◆ **AIM OF THE EXERCISE**: Below are some entries. Return exactly the lines from the one with "Hi everyone. Welcome" through the final line, leaving out any pictures.

[Stored data]
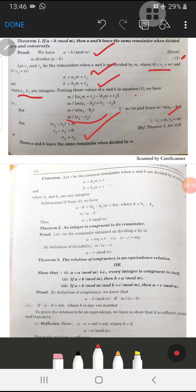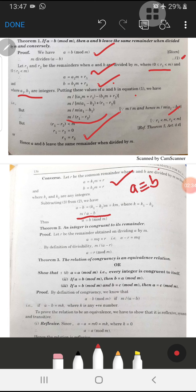For the converse: we are given that the two remainders r1 and r2 are equal, and we have to prove a is congruent to b modulo m. Subtracting the two relations, we get a minus b divisible by m, which means a is congruent to b mod m.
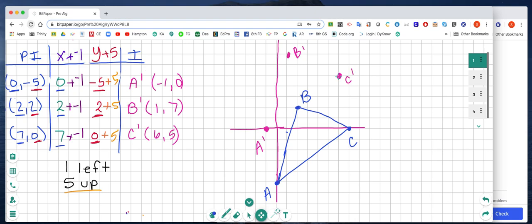Now I'm going to connect my dots. I have my triangle, and it has translated — done a slide — 1 to the left and 5 up.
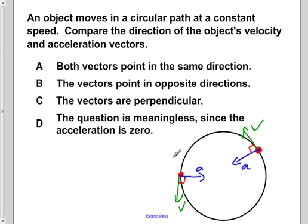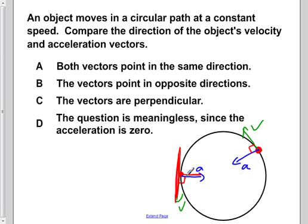From this, we can say that our velocity and acceleration vectors are perpendicular to one another. The reason for this is that velocity is tangent to the circle — it only intersects at one point. And we know that acceleration is directed toward the center, so no matter what direction you orient the velocity, this always forms a 90-degree angle.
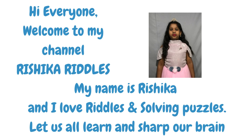Hi everyone. Welcome to my channel Rishika riddles. My name is Rishika and I love riddles and solving puzzles.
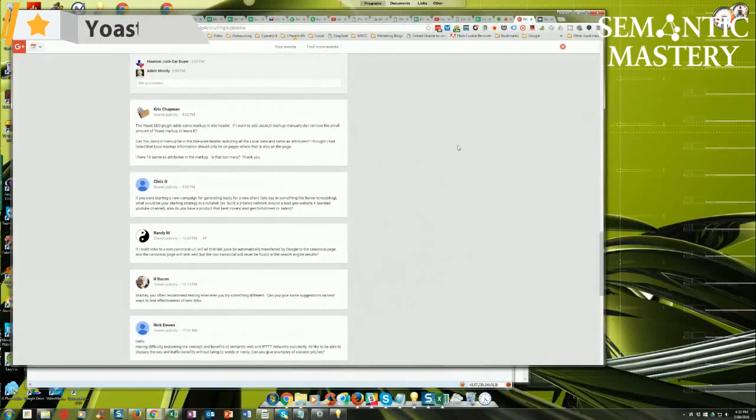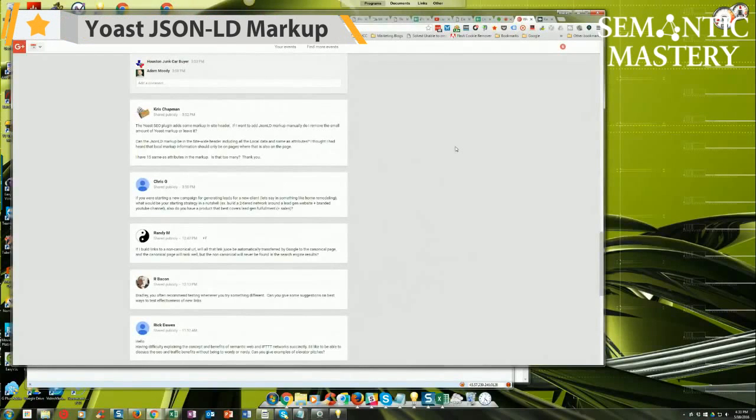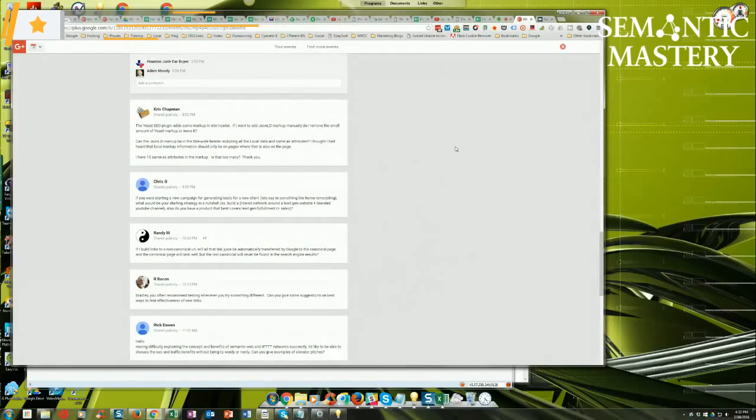Chris Chapman says, the Yoast SEO plugin adds some markup in site header. Yes, it does. If I want to add JSON-LD markup manually, do I remove the small amount of Yoast markup or leave it?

◆ **ANSWER TO THIS TASK**:
Hi everyone. Welcome to my channel Rishika riddles. My name is Rishika and I love riddles and solving puzzles.
Chris Chapman says, the Yoast SEO plugin adds some markup in site header. Yes, it does. If I want to add JSON-LD markup manually, do I remove the small amount of Yoast markup or leave it?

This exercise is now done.